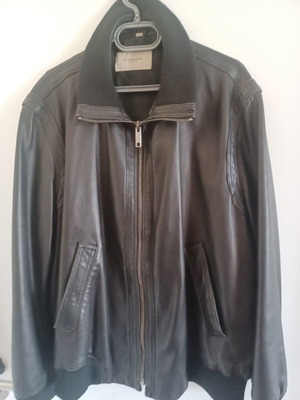 Burberry London Mens Sheepskin Leather Jacket like new, black, XXL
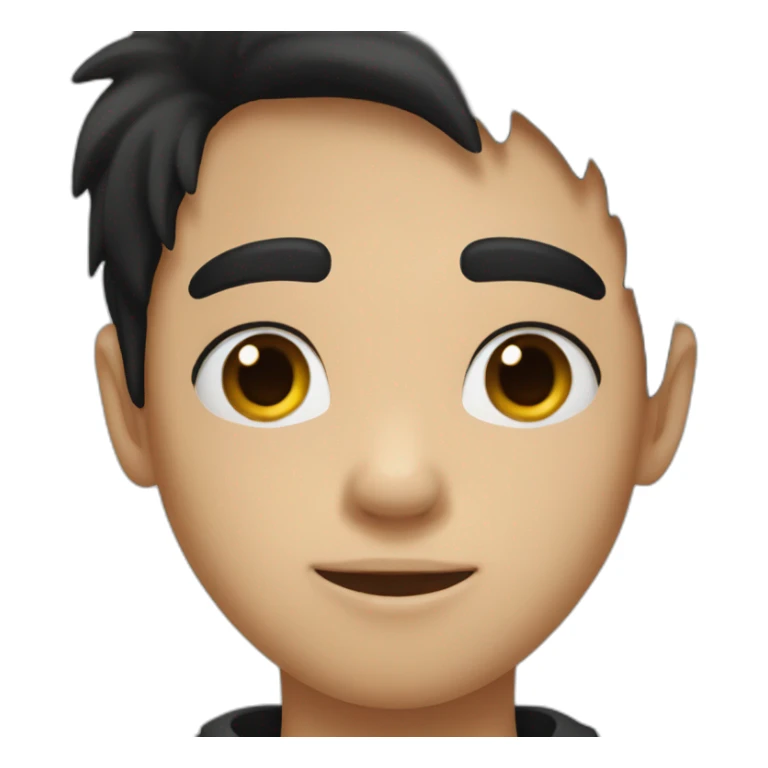 boy with black hair and a mole on the face sticker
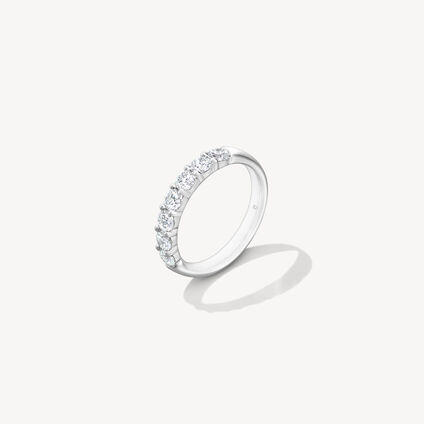 Signature 7 Stone Band, 18K White Gold, large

• _Task objective_
Leave the pictures aside and print exactly, and only, the lines from the one with "boy with black" through the end of the data, both included.

• _Answer for this exercise_
 boy with black hair and a mole on the face sticker
 Signature 7 Stone Band, 18K White Gold, large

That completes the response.